Squid Nasty and Nasty Nate's riffing is exemplified pretty well by their own names: nasty and repetitive.  There's very little variety on display here, with all but one track, "Black Angels of Hell", consisting of almost nothing but lightning fast buzzsaw riffs that were already written twenty five years ago.  That said, the energy put in by the band coupled with the excellently raw production make these riffs sharp and vicious as opposed to dry and tired.  This type of sound is perfect for the style if you ask me, it's rough and dirty but no instrument is compromised due to poor recording.  This is going to shock you, surely, but the vocals are reminiscent of Mille Petrozza.  It sucks that I can't think of any point of comparison other than Kreator, but really, give this a listen and you'll understand.  This is Pleasure to Kill worship and little else.  The strange part about all of this is that it's good.

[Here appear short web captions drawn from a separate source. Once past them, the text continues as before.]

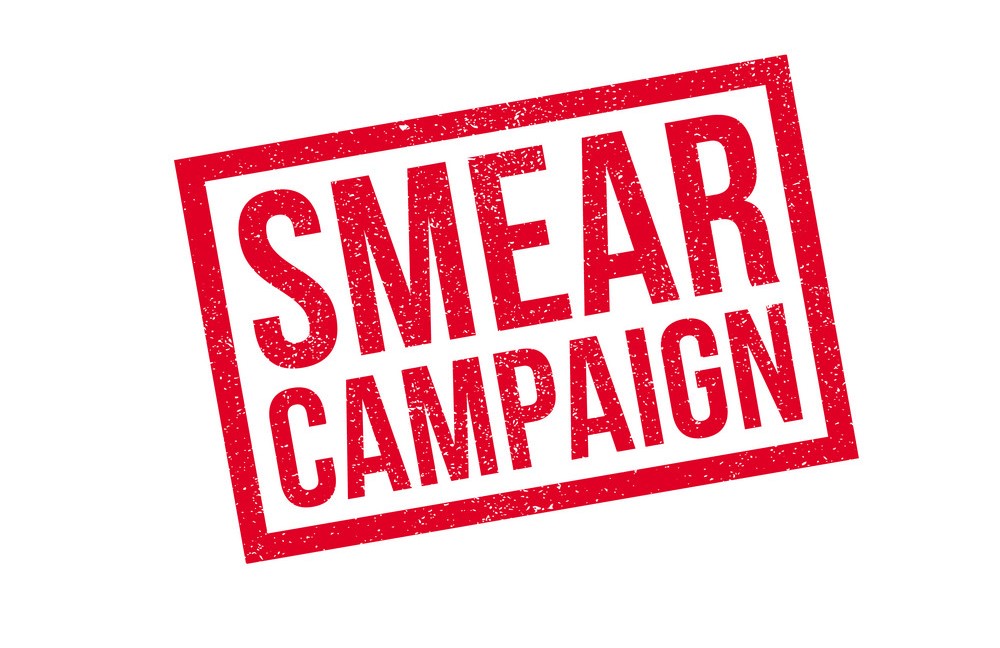 Smear Campaign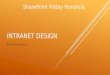 INTRANET DESIGN By Michael Doyle SharePoint Friday Honolulu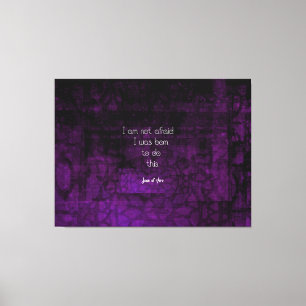 Joan of Arc inspiring Quote om rädsla Canvastryck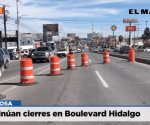 Continúan cierres en Boulevard Hidalgo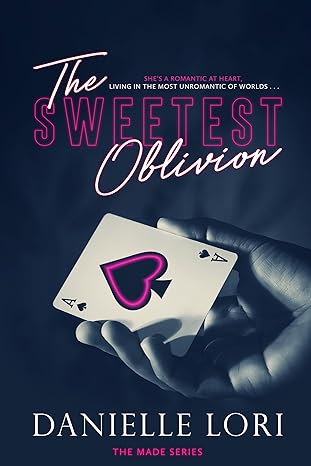 The Sweetest Oblivion: Made Book 1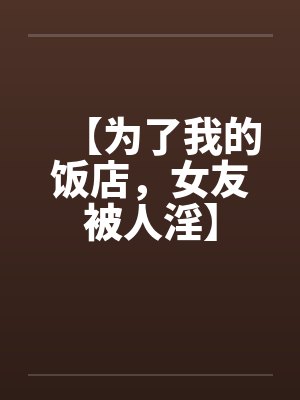 【为了我的饭店，女友被人淫】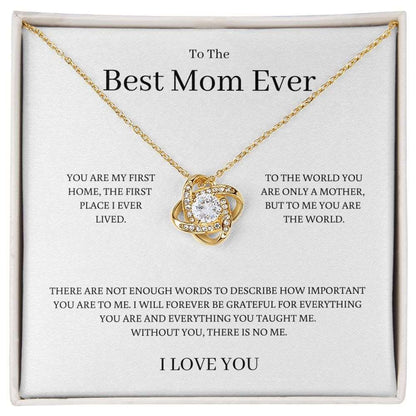 To The Best Mom Ever, Love Knot Necklace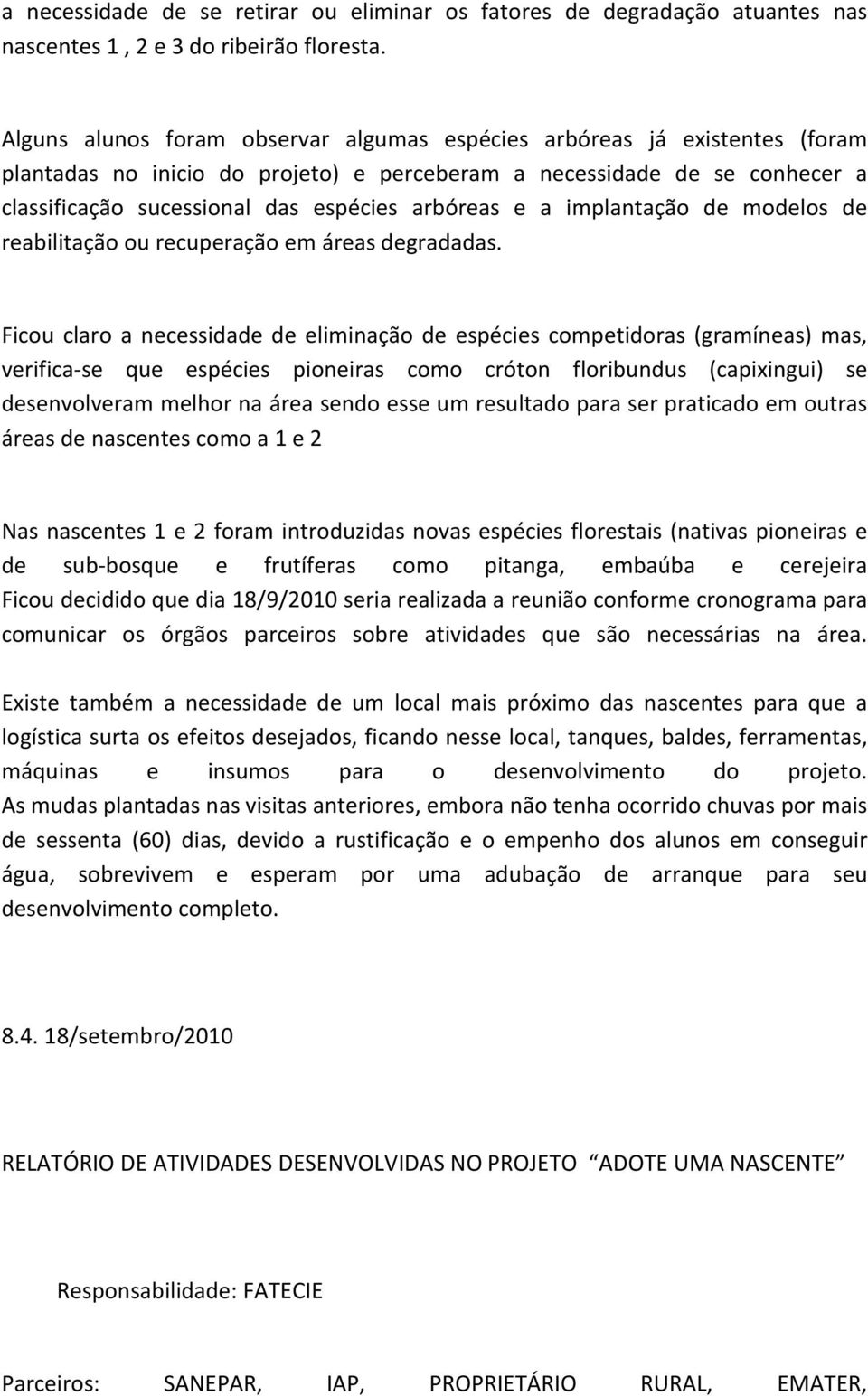 e a implantação de modelos de reabilitação ou recuperação em áreas degradadas.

For real, this album is preposterously infectious.  Despite (or perhaps because of) the riffs being so cliche, they are instantly hooky and lasting.  This album doesn't have a whole lot working for it in terms of originality, obviously (I've compared this to Kreator... what, twenty seven times already?), but it makes up for it with energy and songwriting.  It's a cavalcade of cliches, but it's put together rather well.  Fans of pretty much any band I've named dropped here will find something to love.  The band dubs their style "Rape Thrash", which I was hoping to make jokes about, but the unoriginality sapped my joke-making ability and the sheer ferociousness simply broke my brain.  "Black Angels of Hell" is bookended by two slower, doomier segments, but the rest of the album is vicious to the core, with highlight tracks being "Resurrected Whore", "Night of the Creep", and "Perverted Aggressor".